Indeed, perhaps the reason that he has been able to keep pace with the host of younger presenters in broadcast journalism is this enthusiasm for the future and eager adoption of Twitter and Facebook. “I think this is the golden age of journalism,” he proclaims, as if wondering how anybody could consider otherwise.

He sees reputation as key for future journalists, but formal education as secondary. “People are going to brands, and they’re going to brands they trust,” he says on the one hand, while dismissing formalised journalism degrees on the other. “You can learn everything there is to know about journalism in three weeks,” he says, “there is no degree to be had”.

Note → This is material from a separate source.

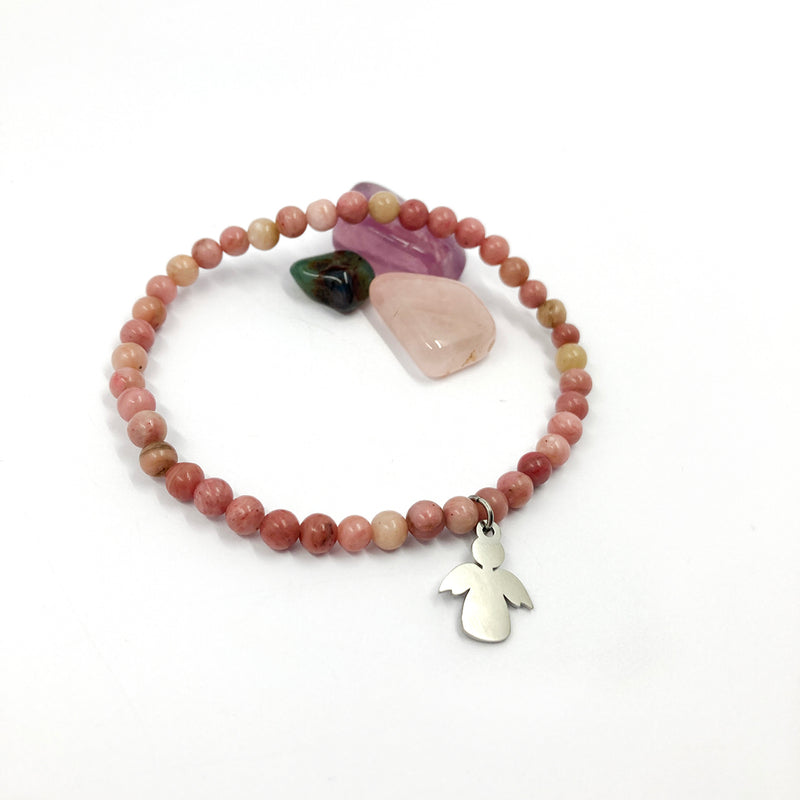 Armband Engelanhänger rosa, Edelsteinarmband Geschenk Mädchen Kommunion, Geschenk für Mädchen Konfirmation, Geschenk Firmung Mädchen, Schmuck Kommunion rosa, Schmuck Firmung Mädchen Geschenk, Schmuck Konfirmation Mädchen Geschenk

I ask him finally who he sees as the future of the profession, who he thinks can carry the torch. Perhaps tellingly, his list reads like a millenial liberal-leftists’ internet history: “the brands that are attracting people are things like Vice; The Huffington Post is doing well with former conventional journalists, and The Guardian has great pull online”.

And with that he was off to his next performance, where hundreds waited for him to speak on the topic, ‘how to do good in journalism’. Again he entertained a welcoming crowd with anecdotes and rallying cry for optimism. More of a Paxman-esque nihilist, I remain unconvinced. Ultimately, Snow’s optimism stems from a belief that there are people with the ‘right ideas’ to pass the torch onto, and a wealth of readers to address. The crowd that greeted him proved the latter of those two points, but his faith in social media ignores the deep divisions emerging in news consumption. Snow may reach millions with every tweet, but if these are not the same millions who believe the lies that so enrage him, then his confidence is surely misplaced.